Function registered with UUID - a83e1606-38e6-4282-a52c-5ba160c0e5d2
The UUID is stored in gc_test_func_uuid.txt.


### 2a. Configure the Globus Compute Endpoint
Now we will create globus compute endpoint, that will execute the registered function.

`globus-compute-endpoint configure gc_test`

or with confg file

`globus-compute-endpoint configure --endpoint-config gc_config.yaml gc_test`

>Created profile for endpoint named <gc_test>
	Configuration file: /Users/bhupendra/.globus_compute/gc_test/config.yaml
 Use the `start` subcommand to run it:
	$ globus-compute-endpoint start gc_test


### 2b.
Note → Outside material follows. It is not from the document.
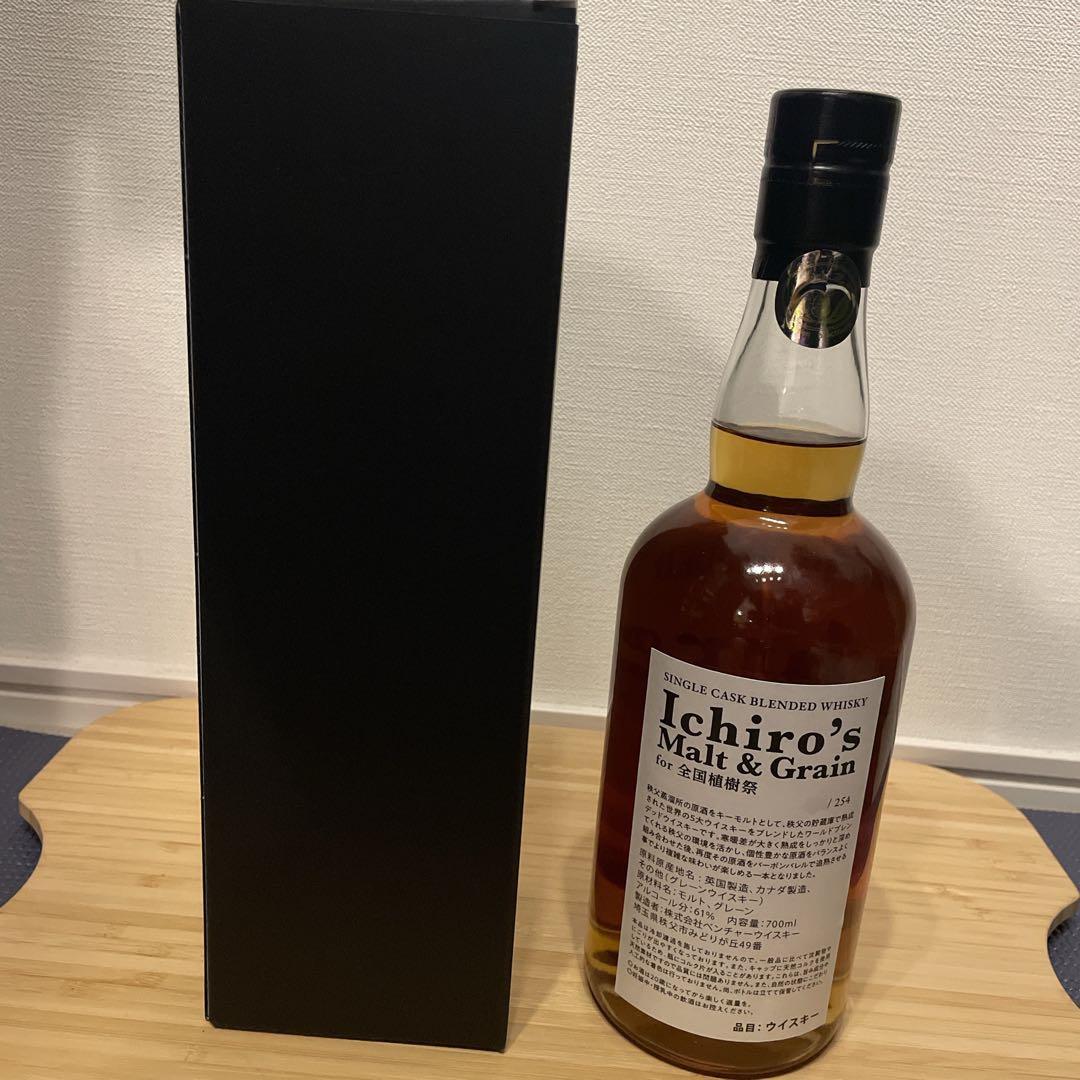 【限定記念酒】イチローズモルト全国植樹祭 秩父地域限定ラベル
Start the endpoint

 `(globus) globus % globus-compute-endpoint start gc_test`
 
> Starting endpoint; registered ID: 2e8888cf-e462-4993-bd0f-fe0cf0c8fb9b


Remember to note the registration id of the endpoint, we will need it while running the function.

### 3. Set Up the .env File
Create a `.env` file in your project directory where the test function is stored with following structure.

> ENDPOINT_UUID="2e8888cf-e462-4993-bd0f-fe0cf0c8fb9b"

> FUNCTION_UUID="a83e1606-38e6-4282-a52c-5ba160c0e5d2"

### 4. Submit a Job to Globus Compute
Now that the function is registered and the endpoint is set up.

In [2]:
from globus_compute_sdk import Client, Executor
from dotenv import load_dotenv
import os

# Load variables from the .env file
load_dotenv()
endpoint_uuid = os.getenv("ENDPOINT_UUID")
function_uuid = os.getenv("FUNCTION_UUID")

print(f"endpoint uuid {endpoint_uuid}")
print(f"function uuid {function_uuid}")

# Create Globus Compute SDK Client and Executor
gcc = Client()
gce = Executor(endpoint_id=endpoint_uuid, client=gcc, amqp_port=443)


data = {
    "file_path": "/Users/bhupendra/learning/globus/data/input.txt",
}

# Submit the function to the Globus Compute service
future = gce.submit_to_registered_function(function_uuid, kwargs=data)

# Retrieve the result
result = future.result()
print(result)

# Check if the result is a valid output file path
if result and isinstance(result, str) and os.path.exists(result):
    print(f"Check the Output file located at: {result}")
else:
    print(f"Failed. {result}")


endpoint uuid 2e8888cf-e462-4993-bd0f-fe0cf0c8fb9b
function uuid a83e1606-38e6-4282-a52c-5ba160c0e5d2
/Users/bhupendra/learning/globus/data/output.txt
Check the Output file located at: /Users/bhupendra/learning/globus/data/output.txt


The example function is a simple test case to demonstrate how to register and run tasks using the Globus Compute SDK.